Monogamy, she adds, “seemed embarrassing, hopelessly square and old-fashioned. The culture encouraged, expected and all but insisted upon erotic restlessness. Sex was free; sex was everywhere, a source of wonder, pleasure and heat without the chilling effect of familiarity and repetition.”
Within three years she was divorced. By 1974, when she was 26, she was spending more time in San Francisco and less time in Cambridge, where she had been in graduate school. Out west, she felt unfettered and alive (she was a Joni Mitchell fan). She lived with a bohemian older couple. They all existed on good coffee and “avocado sandwiches on San Francisco sourdough bread with mayo, black pepper and alfalfa sprouts.”
That year, at a poker game in the apartment, she met Tony Russo. Along with Daniel Ellsberg, Russo leaked the Pentagon Papers, which laid bare America’s perfidy in Vietnam. Published in The New York Times in 1971, the papers, in Prose’s summary, “confirmed what the antiwar movement had never been able to prove: Our presence in Vietnam was unwanted. We’d committed war crimes.”
Russo was a countercultural and free-speech hero. He had spent 47 days in jail for refusing to testify against Ellsberg. He worked for NASA and later the RAND Corporation, where he was involved in a study of how Vietcong prisoners were interrogated, and some of their stories moved him deeply. By the time Prose met him, he was paranoid and unemployed. “An aura of unease surrounded him,” Prose writes, “the faint distressing buzz of an electrical panel with a burnt fuse and some wires pulled loose.”
Russo was charismatic, though, a Virginia-born charmer with a Southern accent. Prose had a thing for bad boys. Here was antiwar royalty. He was 10 years older. Before long they were riding around in his old, putty-colored Buick and talking all night, while he chain-smoked Camels.
Was it a love affair? Not quite. The sex was minimal and awkward. But there was something between them, if briefly, and that something is among the primary subjects of this memoir, which despite its darts of insight and many flashes of good writing remains lukewarm and distant. They didn’t know each other that well. Prose nonetheless hangs a great deal of her memoir on Russo and rehashes the well-known issues surrounding the Pentagon Papers themselves. Russo explains his past in long monologues.
There is more here. Prose is at work figuring out who she was in 1974, before she returned home to New York the following year. She writes, perceptively, “One danger of writing about yourself is that you may learn things about yourself that you don’t want to know.”

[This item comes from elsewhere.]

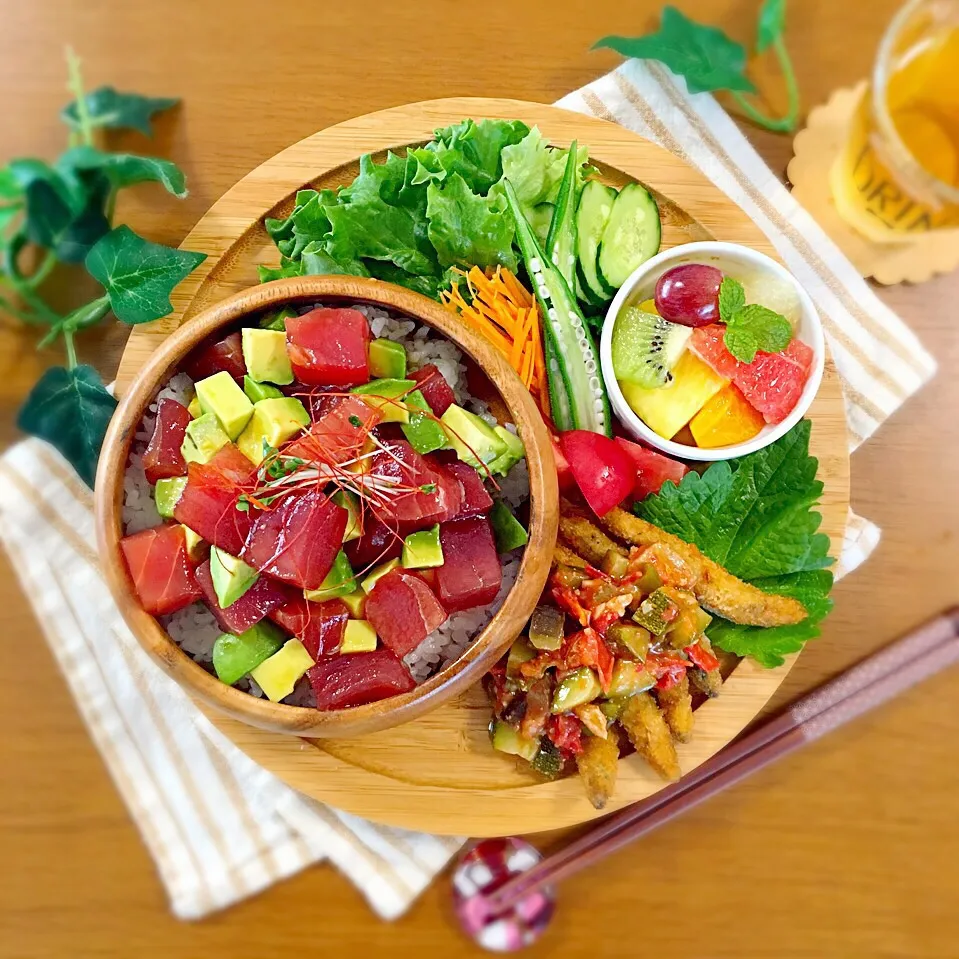 アヒポキ丼❤️🐟|むぎママさん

On the one hand, Prose was on the run from a borderline breakdown she’d had in Cambridge. She’d become an agoraphobe, unable to leave her apartment. She was fragile. Even thunderstorms threatened her sanity. She spent a lot of time consulting the I Ching. “I had absolutely no idea where I belonged in the universe or what I was going to do,” she writes. In her flight west she resembled a latter-day Charlotte Perkins Gilman, who moved to Pasadena from New England to recover from the postpartum depression she described in “The Yellow Wallpaper” (1892).
On the other hand, Prose seems to have been one of the great overachievers of her era. She had a coddled upbringing. Both her parents were doctors. By 1974 she had published two well-received novels and was at work on her third. She had done a good deal of foreign travel and spent time writing in an apartment in Bombay with a view of the Arabian Sea. She had many far-flung friends she could drop in on.
Prose catastrophized good news. Here is her reaction when a publisher called to say that he wanted to publish her first novel:
First I didn’t understand what he was saying; then I didn’t believe it. I leaned against a wall and grabbed the back of a chair. I saw myself falling. I saw broken limbs. I saw crutches, I saw punishment for good fortune beyond anything I deserved.
I wonder how she reacted when her novel “Blue Angel” (2000) was named a finalist for the National Book Award.
If this quarter-life crisis memoir were a stool, the third leg — after Russo’s story and Prose’s own — would be the author’s attempt at a group portrait of her generation, not the baby boomers writ large but a sophisticated subset of them. This material is the least successful. A good deal of tired cultural and political history is given another airing, in the box-ticking manner of Billy Joel’s “We Didn’t Start the Fire.” There are many sentences on the order of “we were very young and very fired up” and “we believed that love was the strongest emotion.”
There are just enough memorable set pieces to keep the reader going. In one of them, Prose runs into the Cockettes, the gender-bending theater troupe, in a San Francisco grocery store. Here were “a half-dozen drag queens, in full beards, feather boas, chest hair and satin gowns,” she writes. “They skittered like butterflies, only louder, maximizing the drama of stuffing family-sized bags of candy corn into their shopping baskets.”
She continues: “Whoever these marvelous creatures were, they were not like anyone in the Harvard English department. I felt dazzled, like Dorothy leaving black-and-white Kansas for a world redecorated in the rainbow pastels of a children’s breakfast cereal.”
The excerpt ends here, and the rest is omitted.